■ **Material for this task**:
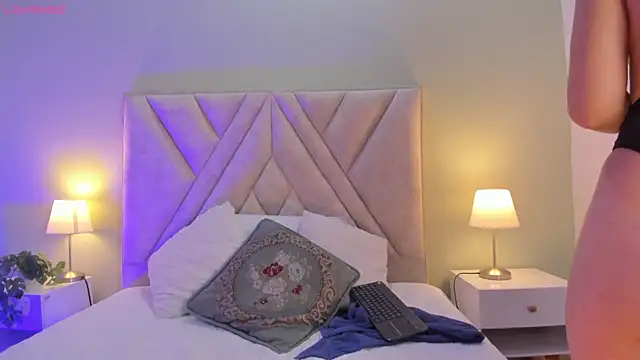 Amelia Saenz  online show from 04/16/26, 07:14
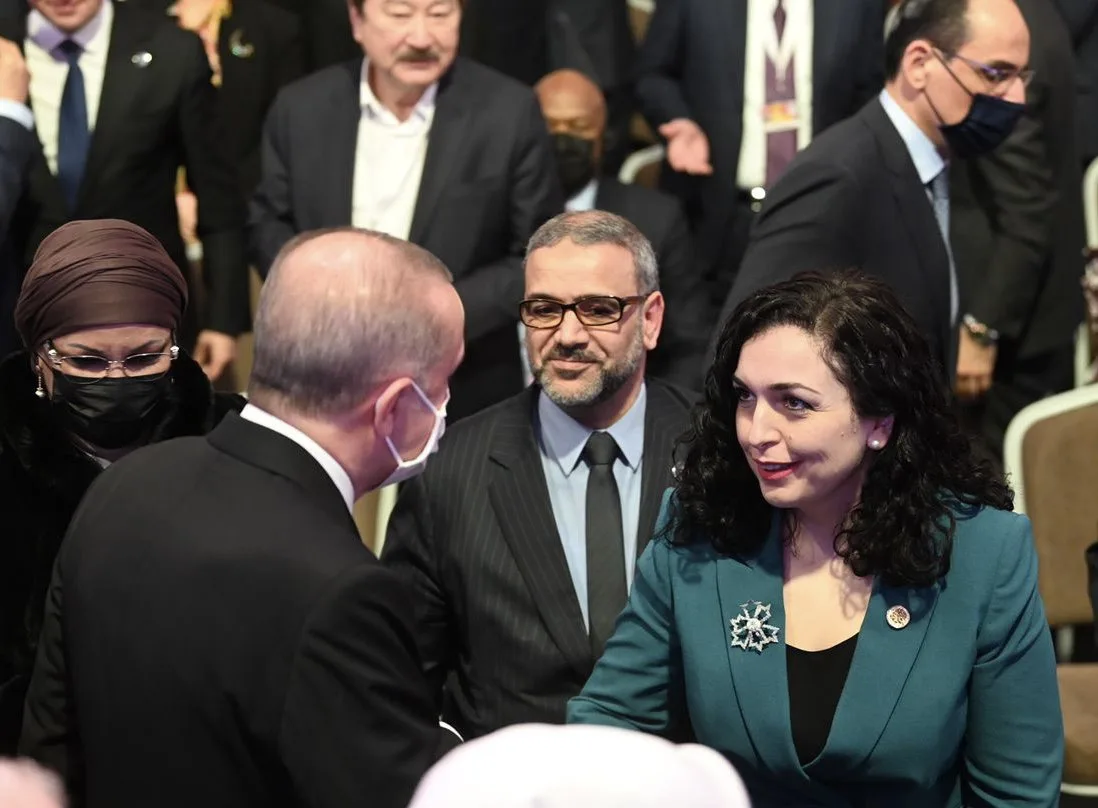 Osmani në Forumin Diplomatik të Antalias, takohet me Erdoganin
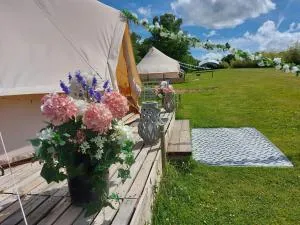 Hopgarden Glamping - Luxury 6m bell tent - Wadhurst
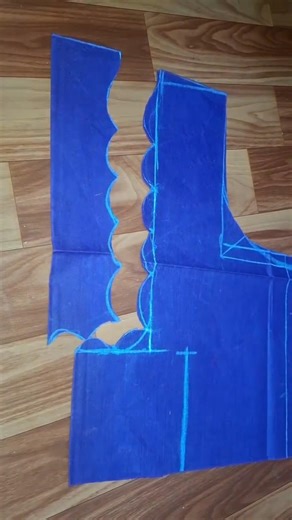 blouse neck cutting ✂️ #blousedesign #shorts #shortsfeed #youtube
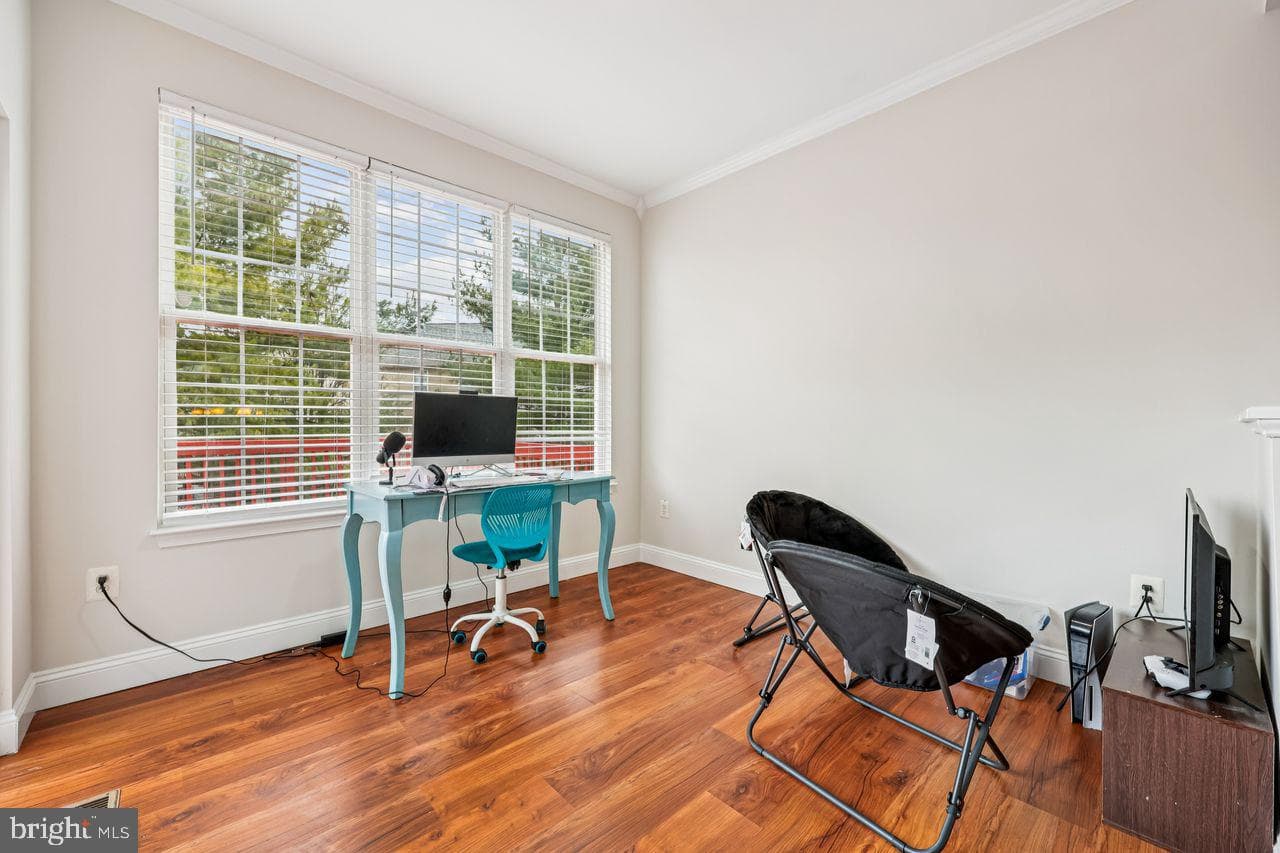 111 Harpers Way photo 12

--

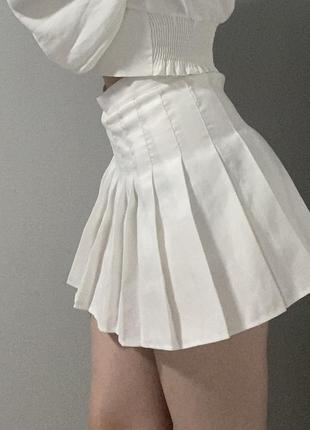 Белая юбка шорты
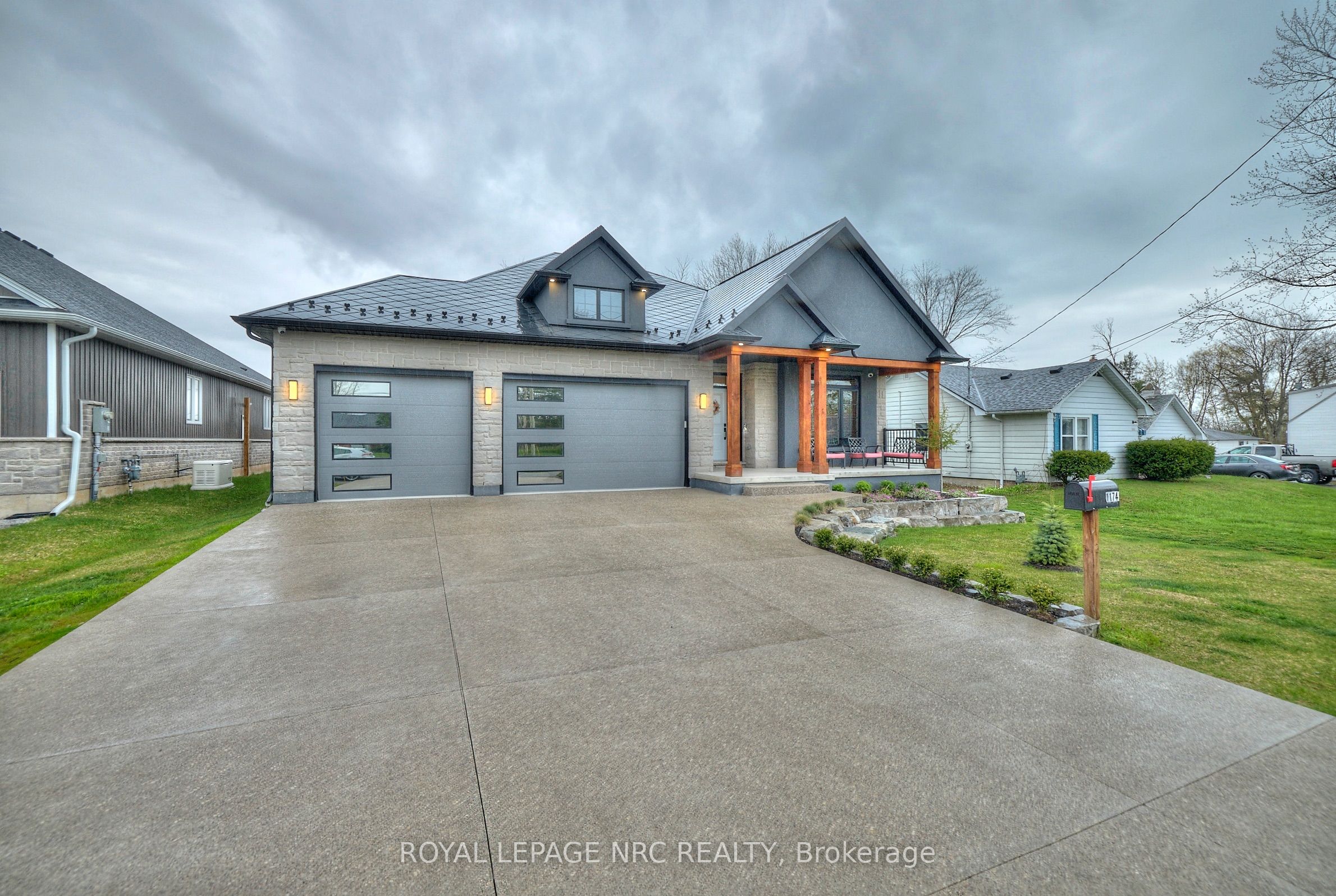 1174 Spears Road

■ **How to complete this task**: Within the listing above, print exactly the stretch beginning at the line that contains "blouse neck cutting" and finishing at the line that contains "111 Harpers Way photo 12", ends kept, pictures left out, and nothing more.

■ **Task response**:
 blouse neck cutting ✂️ #blousedesign #shorts #shortsfeed #youtube
 111 Harpers Way photo 12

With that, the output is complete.